Entre la Loire et la Seine, sur la côte maritime de la Bretagne, on trouve des ruines de villes et des travaux considérables que les flots de la mer ont détruits d'une façon spontanée et que les temps anciens n'ont pas enregistrés dans leurs annales.
Tous ces bouleversements datent d'une époque fort reculée et qui remonte bien certainement à plus de dix à douze mille ans. Surtout quand on remarque le temps considérable qu'il faut aux flots de la mer pour ronger et détruire des roches granitiques, comme dans la baie de Douarnenez par exemple, où l'on est assuré qu'il y avait autrefois plusieurs villes ou au moins une très grande ville qui occupait tout l'espace compris entre la pointe de la Chèvre jusqu'à la baie d'Audierne ; les traditions indiquent aussi que la grève qui s'étend de Penmarc'k au Raz et du Raz jusqu'à l'île d'Ouessant était couverte de cités. Ce qui permet de dire que les grandes fractures du globe survenues à la suite du déluge ont anéanti la ville d'Is et tous les monuments druidiques dont on voit encore une partie à la pointe de Penmarc'k à 4 m, 50 environ au fond de l'eau aux marées d'équinoxe, et cela jusqu'à 4 et 5 kilomètres en mer.
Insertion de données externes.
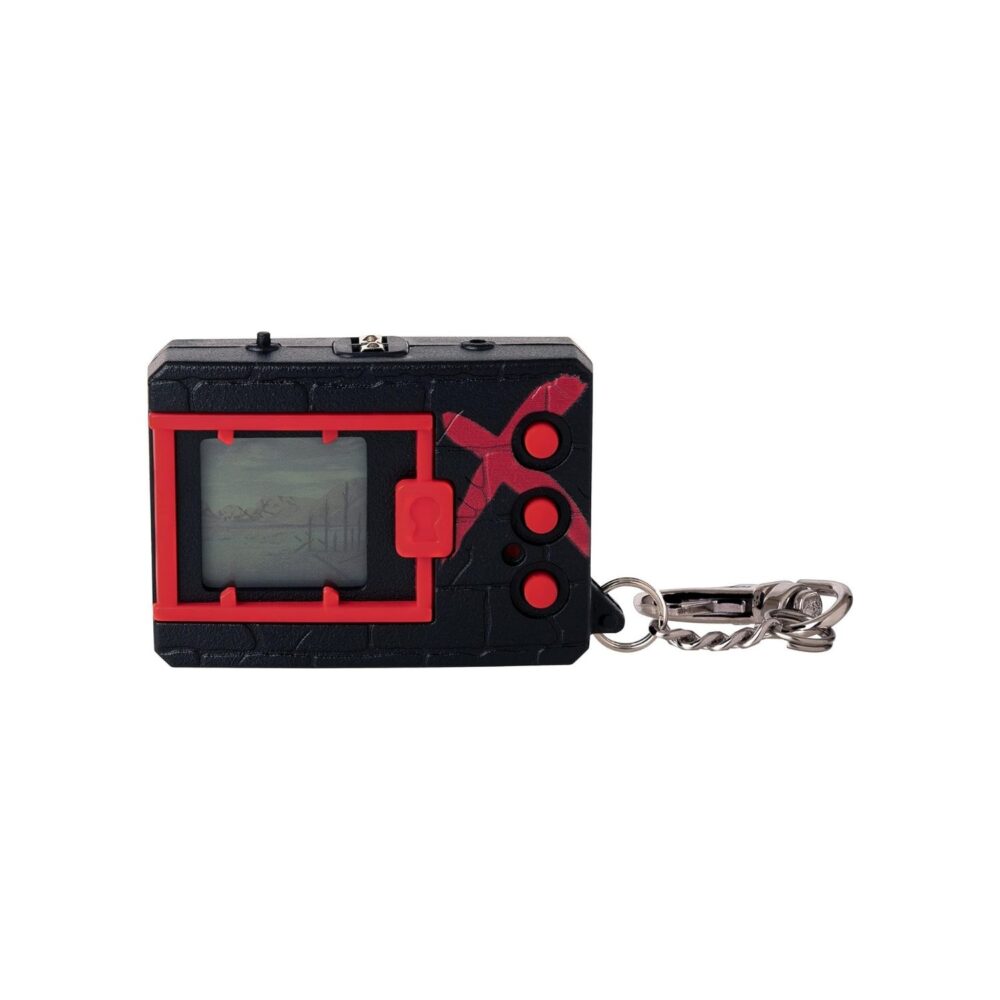 A red and black lcd camera with a keychain.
On est aujourd'hui assuré que les ruines de Douarnenez, de Crozon, du cap de la Chèvre et de Vannes ont été faites à l'époque du grand déluge. Ces cataclysmes nous ont été transmis sur la plage de Douarnenez par la légende de Gralon ; à Cadix, par celle du voyage de l'Hercule Celtique d'Og-mi.
Une légende celtique nous apprend qu'à la pointe de l'île de la Chèvre il existait une ville dénommée Is, gouvernée par le roi Gralon, lequel roi avait une fille unique nommée Dahu qu'il adorait. Or, le faste, le luxe et la débauche régnaient en souverains dans l'opulente cité de Gralon, et sa fille n'était pas des moins dépravées parmi les belles femmes d'Is. Gralon gémissait des débordements de sa chère fille et de son peuple et priait Dieu de leur ouvrir les yeux ; mais ce fut en vain. Aussi, un jour, le soleil s'éclipsa et une comète avec une immense queue parut à l'horizon ; c'était le présage d'une catastrophe imminente. Or, la nuit même de ce jour, Dahu présidait un superbe banquet qu'elle offrait à mille convives. La princesse donna la signal de la fête, en vidant d'un trait une grande coupe ou Hanap de Cervoise (sorte de bière) ; puis, saisissant un coutelas de chasse, elle se mit à découper un énorme élan, puis un sanglier et deux marcassins ; le fumet de ces victuailles réjouissa fort l'odorat des convives, flatta leur palais et excita au plus haut point leur énorme et vaste appétit.
Mais à peine le festin fut-il commencé que les éclats de voix des convives firent résonner le palais de Gralon ; en même temps tous ces débauchés entendirent dans les premiers plans de l'Astral des voix sinistres ; la terre trembla, les convives quittèrent affolés la salle du festin, se précipitèrent dans les sentes, les rues et les chemins dans lesquels régnait une obscurité si profonde, une nuit si noire, que l'on ne pouvait voir au ciel briller "le chemin de l'hiver".
L'éclair seul déchira la nue, le tonnerre gronda, l'orage s'amoncelât et éclata bientôt en versant sur la ville d'Is de tels torrents d'eau, qu'elle disparut bientôt avec tous ses habitants.
Gralon, malgré sa vieillesse, rassembla à la hâte tout ce qu'il avait de plus précieux, et il plaça, avec ce trésor, sa fille sur un coursier fougueux qu'il monta lui-même pour en diriger la course, mais le flot, plus agile encore que le fougueux animal, lui arracha son fardeau et l'engloutit dans un immense tourbillon.
Il semblait dès lors que la Justice divine était satisfaite, car le calme revint tout à coup, mais la malheureuse cité d'Is, cet immense réceptacle de débauche et d'infamie, resta à jamais englouti sous les eaux, avec un vaste continent.
C'est aujourd'hui la mer Atlantique. Les Bretons de la baie de Douarnenez prétendent voir errer, encore de nos jours, les âmes ou plutôt les doubles éthériques sous la forme de corbeaux ; les malheureux semblent voltiger de roche en roche sur les lieux mêmes où Gralon et sa fille ont anciennement péri.